(Summary in Finnish: Oppimispäiväkirjamerkinnät jatkuvat. Luku 2 oli paljon lyhyempi kuin kuvittelin (luen ekirjaa joka ei näytä sivunumeroita), joten suurimmaksi osaksi tässä kirjoituksessa keskityn lukupiirikeskustelun pohjalta nousseisiin havaintoihin ja ajatuksiin.)
Context: This is a second part in a series of reading / study diary notes, where I track my thoughts, comments, and (hopefully) learning process while I am reading How to Measure Anything by D. W. Hubbard together with some friends in a book club like setting. The first part in the series (vol.0) can be found here. All installments in the series can be identified by tag “Measure Anything” series on this blog. (Edit2021-02-24 : vol. 2.)
Summary of lessons from Chapters 1 & 2
Chapter 2 was much shorter than I anticipated! If you don’t recall, in Chapter 1 Hubbard outlines his basic thesis, which is (very briefly stated) that anything is measurable. Specifically, any and all quantities related to vague, often socially embedded stuff in business and government (“how much value we get from certain quality standards”, “how much value buying the product X to brings to us?”, “what are the effects of decision Y”) that are often thought impossible to measure. This can be done by applying correct, rigorous methods and enough effort into doing it. (Or that is the elevator speech for selling the book.)
In more detail (which I briefly touched in vol. 0), the primary purpose of measuring anything (in Hubbard’s words) is about reducing uncertainty about decisions. This can be done in many ways, starting from simple data acquisition and collecting them in Excel sheets, ending with quantitative models, and (Hubbard argues) this generally trumps mere intuition alone (because people tend to overvalue the soundness of their intuition). While perfect certainty is seldomly obtained, argument is reduced uncertainty from the measured data but also the act of thinking about what one can and should measure, helps making better decisions. Hubbard dubs the process presented in the later chapters of the book as “Applied Information Economics”, with following simple steps:
1. Define the decision.
2. Determine what you know now.
3. Compute the value of additional information. (If none, go to step 5.)

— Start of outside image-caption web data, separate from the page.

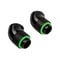 Corsair Hydro X Series Adapter 45 Grad G1/4 Zoll AG auf G1/4 Zoll IG - 2er Pack, drehbar, schwarz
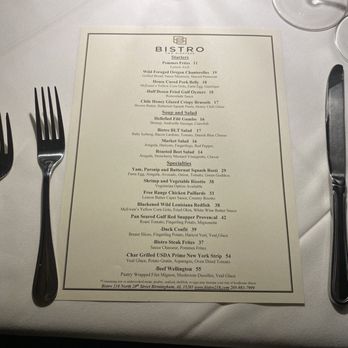 Bistro 218 - Menu - French Near Me - Birmingham, Alabama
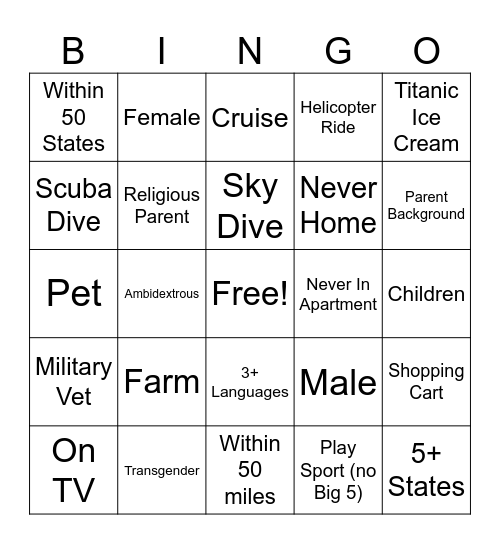 DEIB Card #4 Bingo Card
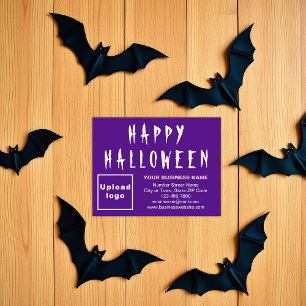 Festividades Cartão de Férias Plano Roxo Pequeno, do Halloween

4. Measure where information value is high. (Return to steps 2 and 3 until further measurement is not needed.)
5. Make a decision and act on it. (Return to step 1 and repeat as each action creates new decisions.)
– How to Measure Anything, ch. 1.
However, the author grants that the audience may remain skeptical! So, in the chapter 2 of How to Measure Anything, we have some examples that illustrate how measurement solution may exist. The first two are examples with many are familiar, the third a bit less known.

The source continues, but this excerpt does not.